赤字・債務超過の会社売却なら、会社の状況や目的に合わせた方法を選択することが大切です。この章では、会社売却の方法を解説します。
【赤字・債務超過した会社の売却方法】
- 株式譲渡による会社売却
- 事業譲渡による会社売却
- その他の手法による会社売却
1.株式譲渡による会社売却
株式譲渡は、売り手が保有する株式を譲渡(売却)することで経営権を移転する手法です。会社自体に変化を与えずに会社売却するため、最も簡便で利用頻度が高くなっています。
株式譲渡における債務の引き継ぎに関しては、買い手が自動的に引き継ぐことになります。
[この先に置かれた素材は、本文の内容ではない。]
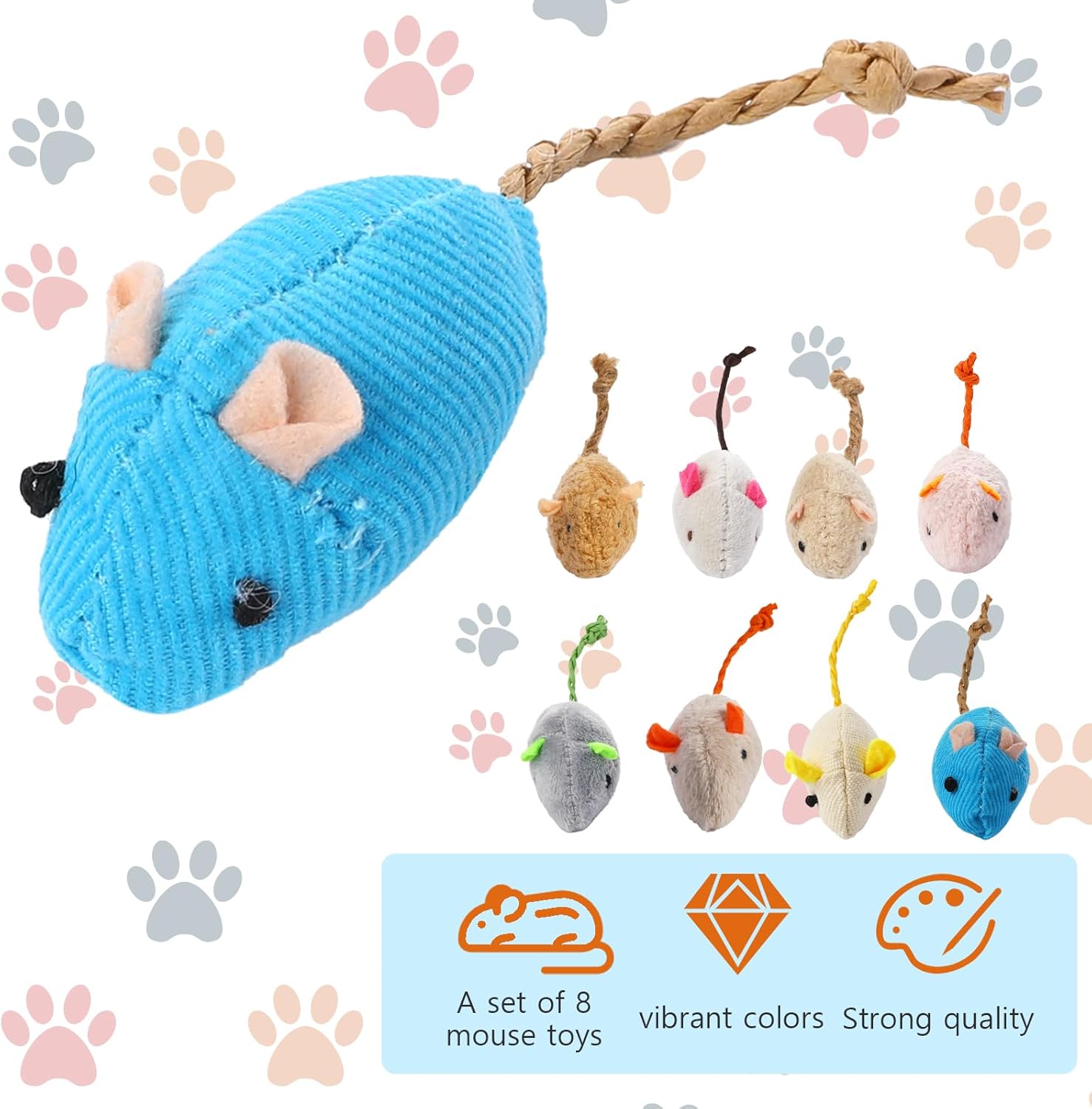 ランダムに詰められたインタラクティブな猫とネズミのおもちゃ8 - Catnip Interactive Plush Mouse のレビューと価格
株式譲渡は包括的な承継となるので、債務を含めた全ての資産・負債を承継します。したがって、会社の資産だけを売却して債務だけが取り残されるという心配はありません。
2.事業譲渡による会社売却
事業譲渡は、事業あるいは事業の一部を譲渡(売却)する手法です。会社の経営権を維持したまま特定事業の切り離しを行える便利な手法として広く利用されています。
事業譲渡において債務を引き継ぎするためには、会社売却の買い手と債権者の同意を得た上で個別に契約を結ぶ必要があります。
個別の契約は交渉が長引く要因にもなるため、事業譲渡においては債務の引き継ぎを行わないことも多いです。債務の引き継ぎがなければ、買い手も事業に対する正当な評価がしやすく、交渉が円滑に進む可能性が高くなります。
売り手は譲渡する事業相応の売却益を獲得できるので、それを債務の解消にあてて会社の立て直しを図ることが可能です。
3.その他の手法による会社売却
会社売却で利用されるそのほかの手法には「合併」があります。合併は、2つ以上の会社を1つの会社に統合する手法であり、被合併会社は全ての資産・負債を引き継ぎして消滅する特徴があります。
赤字・債務超過の会社売却で合併を利用するメリットは節税効果にあります。被合併会社の債務と合併会社の利益部分との相殺を行うことで、その期の純利益を抑えて法人税を大幅に安くすることができます。
ただし、合併は会社の消滅を意味します。株式譲渡は会社の経営権を手放すものの会社の名前は残り、事業譲渡では経営権が維持されます。合併は債務問題からの解放と同時に会社が消滅することに注意が必要です。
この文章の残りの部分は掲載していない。